Intent recognition is most important for assistive robots that are meant to be used out in the real, cluttered, and unstructured world of users’ day-to-day lives. In contrast, we are also interested in how assistive robots can be used in a structured physical therapy environment. While intent recognition is less important in this context, these robots face the additional challenge of aiming to affect how humans learn motor skills. In other words, we aim for the user to gain a skill by interacting with the robot such that the skill is retained even once the robot is removed.

In this part of the talk, I will discuss two projects in the RTHM lab – 1) quantifying the optimal challenge point for simple game-like tasks and 2) characterizing how humans learn complex balance-challenging tasks. Both projects aim to improve rehabilitation outcomes for individuals undertaking robot-assisted physical therapy.

While my talk will not address my professional journey following my graduation from Notre Dame, I am happy to answer questions about my experience as a postdoc and early-career faculty after leaving South Bend.

Originally from Simpsonville, SC, Prof. Taylor Higgins earned her B.S. in Mechanical Engineering from Clemson University. In 2022, she graduated from the University of Notre Dame with her Ph.D. in mechanical engineering advised by professors Jim Schmiedeler and Pat Wensing. Her dissertation work specifically aimed to identify human gait speed intentions for lower-limb exoskeletons.
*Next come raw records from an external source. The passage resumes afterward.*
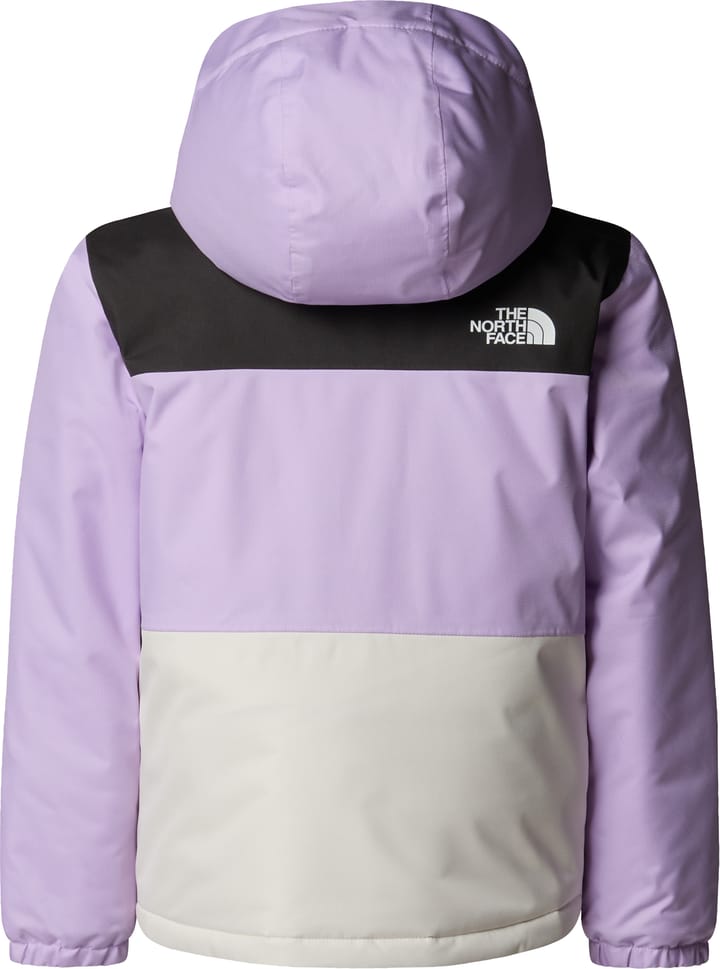 The North Face Kid Freedom Insulated Jacket Lite Lilac/white Dune The North Face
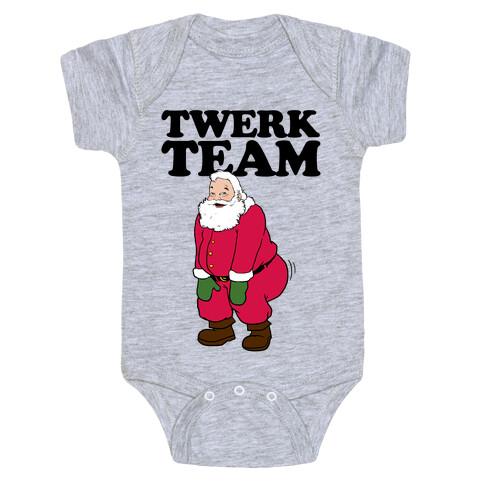 Twerk Team Santa Baby One-Piece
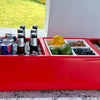 REVO Party Barge Cooler™ | Cherry Red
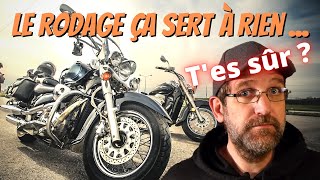 Rodage moto  passage essentiel en neuf [upl. by Thorwald]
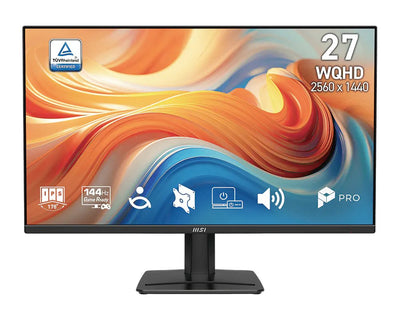 Monitor Pro MP275Q E14 27 Cali/LED/Wqhd/Plaski/144HZ/Czarny — image 1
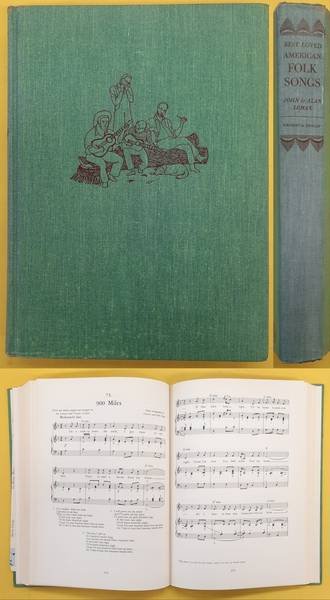 LOMAX, JOHN, A. & LOMAX, ALAN. - Best Loved American Folk Songs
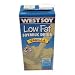 Gourmet Food : 1 Quart Vanilla WestSoy Low Fat Soymilk (03-0645) Category: Miscellaneous Beverages and Mixes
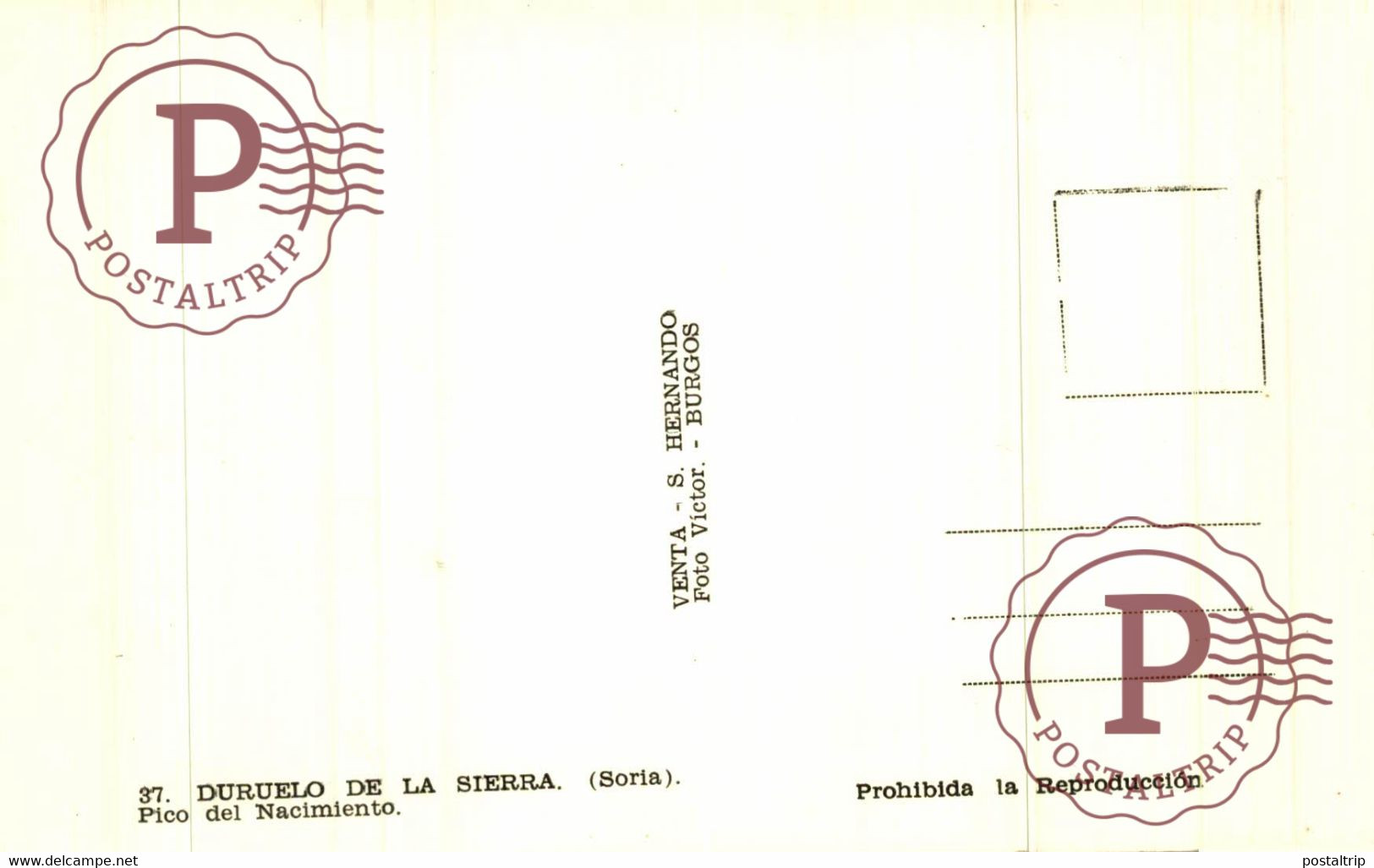 SORIA. DURUELO DE LA SIERRA. PICO DEL NACIMIENTO. - Soria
After Notre Dame, she took a brief postdoc position at UT Austin with Dr. Ann Majewicz Fey working on optimal haptic guidance strategies for surgical robotics. In 2023, she started as an assistant professor at Florida State University in Tallahassee where she continues to work to increase the fluency of a broad spectrum of human/robot interactions as the director of the Robotics & Technology for Human Health and Mobility (RTHM) lab.